FOR many local anglers this month is usually the curtain call until Spring.
The prime targets are bass and soon the ‘bass season’ will soon be over until August or September for those who choose to let the fish spawn in peace. For those who are about to exit stage left, don’t bow out just yet. I’ve got a good feeling about this month.
This is a favourite time for many bass anglers, with plenty of fat, savage fish about. Punishment is sometimes swift, with anglers who have tied poor knots or who have not looked after their equipment paying the price. There should be plenty of bigger fish on the move this month as the spawning period is not too far away.
According to my records over the past few years, April seems to be great for heavy hitters as the larger fish make their travel arrangements for the big swim downstream. High on their agenda is dining out, and this is where and a new surge of raw aggression helps the fish to build up reserves for the trying times ahead.
Judging by the calls and emails I’ve received, there have been plenty of excited anglers catching and releasing some great bass over the magic 40cm mark, with most falling to surface lure.
Curtis Parker from Penrith has set the bar in the big bass stakes. How does a 51cm model from around North Richmond sound? Caught on a jointed black Jitterbug, this bass was followed by another of around 41cm soon after.
Devlins, along the Castlereagh in the mid reaches of the Nepean, has been doing well, with Heddon Torpedoes and River 2 Sea Buggis the best of the surface lures. The black Buggis are sensational and are one of those lures that if you lose one, you simply go out and buy two more. If you don’t have black Buggis in your tackle box, go and get some. The last one I lost, I was fishing from my kayak when I caught a large bass that took considerable line and put me in a spin – literally. I got dizzy with all the spinning my little kayak and I did.
Black Arbogast Hula Poppers are another favourite of mine and have taken some great fish. With a scalloped face, this lure can be made to bloop or just create large ripples that have often proved too tempting to Mr Bass.
Dave Horvat’s experience recently might be a timely reminder if you’re not doing so well on the water. On a stretch of the Nepean, Dave was unsuccessfully working the weed beds casting small poppers into clear pockets the size of a dinner plate. He then clipped on a large jointed Jitterbug and started catching fish straight away.
He said the jointed Jitterbugs were being mauled by bass in good numbers. It seems a shift to larger surface lures offering more movement was the key to Dave’s success. If things are a bit slow, think about how you might turn the fish on.
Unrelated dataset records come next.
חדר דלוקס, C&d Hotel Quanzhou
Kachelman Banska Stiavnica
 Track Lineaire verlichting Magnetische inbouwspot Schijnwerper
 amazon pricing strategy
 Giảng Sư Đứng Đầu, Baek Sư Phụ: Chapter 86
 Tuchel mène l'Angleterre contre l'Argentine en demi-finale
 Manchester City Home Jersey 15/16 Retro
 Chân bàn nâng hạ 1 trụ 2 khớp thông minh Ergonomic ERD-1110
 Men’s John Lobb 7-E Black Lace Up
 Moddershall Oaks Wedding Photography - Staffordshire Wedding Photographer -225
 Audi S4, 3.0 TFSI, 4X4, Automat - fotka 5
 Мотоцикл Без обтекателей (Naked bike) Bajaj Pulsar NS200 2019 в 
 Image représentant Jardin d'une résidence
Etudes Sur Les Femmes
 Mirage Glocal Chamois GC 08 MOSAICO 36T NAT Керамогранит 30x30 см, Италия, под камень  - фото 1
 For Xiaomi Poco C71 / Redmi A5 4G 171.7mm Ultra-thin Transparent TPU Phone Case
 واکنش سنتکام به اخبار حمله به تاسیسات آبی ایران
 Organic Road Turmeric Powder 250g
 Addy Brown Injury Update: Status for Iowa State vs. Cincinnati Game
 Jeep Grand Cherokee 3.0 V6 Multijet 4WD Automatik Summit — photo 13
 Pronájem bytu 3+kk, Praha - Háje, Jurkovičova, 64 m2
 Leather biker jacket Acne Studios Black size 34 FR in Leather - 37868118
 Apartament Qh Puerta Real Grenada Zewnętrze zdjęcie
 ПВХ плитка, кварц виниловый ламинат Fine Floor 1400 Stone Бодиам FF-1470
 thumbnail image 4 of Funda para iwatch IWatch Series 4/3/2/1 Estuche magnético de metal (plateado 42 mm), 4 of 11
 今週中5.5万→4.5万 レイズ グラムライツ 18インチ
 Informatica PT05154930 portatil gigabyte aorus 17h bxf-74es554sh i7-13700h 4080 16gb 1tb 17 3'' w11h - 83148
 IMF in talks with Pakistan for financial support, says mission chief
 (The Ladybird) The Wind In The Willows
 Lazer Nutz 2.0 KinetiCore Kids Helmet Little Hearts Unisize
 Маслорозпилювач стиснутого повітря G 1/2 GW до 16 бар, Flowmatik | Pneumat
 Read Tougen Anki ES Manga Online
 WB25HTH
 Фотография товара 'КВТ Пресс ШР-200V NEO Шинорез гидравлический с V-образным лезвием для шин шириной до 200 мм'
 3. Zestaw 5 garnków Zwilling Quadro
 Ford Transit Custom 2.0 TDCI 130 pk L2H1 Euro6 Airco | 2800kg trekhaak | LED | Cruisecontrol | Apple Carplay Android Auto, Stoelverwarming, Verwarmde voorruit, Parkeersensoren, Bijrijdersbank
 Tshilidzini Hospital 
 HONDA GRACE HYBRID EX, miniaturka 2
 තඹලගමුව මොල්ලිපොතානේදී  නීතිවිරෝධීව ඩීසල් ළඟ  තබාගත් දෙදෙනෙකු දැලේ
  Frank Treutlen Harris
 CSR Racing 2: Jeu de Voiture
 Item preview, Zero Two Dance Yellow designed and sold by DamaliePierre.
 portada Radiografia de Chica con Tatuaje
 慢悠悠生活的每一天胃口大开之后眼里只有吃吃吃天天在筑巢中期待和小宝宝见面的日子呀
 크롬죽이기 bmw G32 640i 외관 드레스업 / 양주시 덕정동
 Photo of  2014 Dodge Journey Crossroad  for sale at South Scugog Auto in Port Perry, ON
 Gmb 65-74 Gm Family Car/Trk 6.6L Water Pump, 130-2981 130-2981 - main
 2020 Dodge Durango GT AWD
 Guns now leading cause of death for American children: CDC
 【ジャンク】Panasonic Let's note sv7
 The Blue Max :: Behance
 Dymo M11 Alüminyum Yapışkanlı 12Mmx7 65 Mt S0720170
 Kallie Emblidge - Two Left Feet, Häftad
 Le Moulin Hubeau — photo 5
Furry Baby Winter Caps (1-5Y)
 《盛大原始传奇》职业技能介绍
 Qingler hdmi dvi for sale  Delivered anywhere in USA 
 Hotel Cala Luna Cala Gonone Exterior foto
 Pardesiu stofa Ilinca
It often doesn’t take much.
Betts Spins continue to be all the rage at the moment and should still to be a great choice this month, especially on 1/16oz jig heads. Sliders in pumpkinseed and motor oil have been the choice tails.
I’ve just got hold of some bullet-shaped, hard foam Carolina Floaters to float plastics over weeds. They can also keep plastics off the bottom when rigged correctly, or made to pop on the surface if you decide. I’ll let you know how they go, but I’m confident they’ll work well.
Introduced by the Western District Acclimatisation Society in 1876, carp have been responsible for a number of environmental problems, largely due to how these fish feed. With carp stirring up the bottom as they feed, silt is deposited on the bottom which makes it difficult for sunlight to stimulate plant growth and the murk also settles on other fish eggs. Carp can also suck up the eggs of other species, which is a worry for native freshwater fish.
Females from three years old can produce over a million eggs and juvenile carp can begin life 36 hours after the female has spawned. Spawning is usually in spring with an occasional second spawn in late Summer. With that in mind, show these pests no mercy if you catch them – do the humane thing and give them a tap on the head. Look at the picture on this page of Curtis Parker’s monster carp and think of the potential damage one like this can cause. Show no mercy!
Down at the Nepean about two years ago, I hooked up to a solid bass on fly near some young guys who were swimming. They watched as I steered the fish away from the snags, their voices carrying over the water: “I hope he’s going to let it go!” “Yeah me too!”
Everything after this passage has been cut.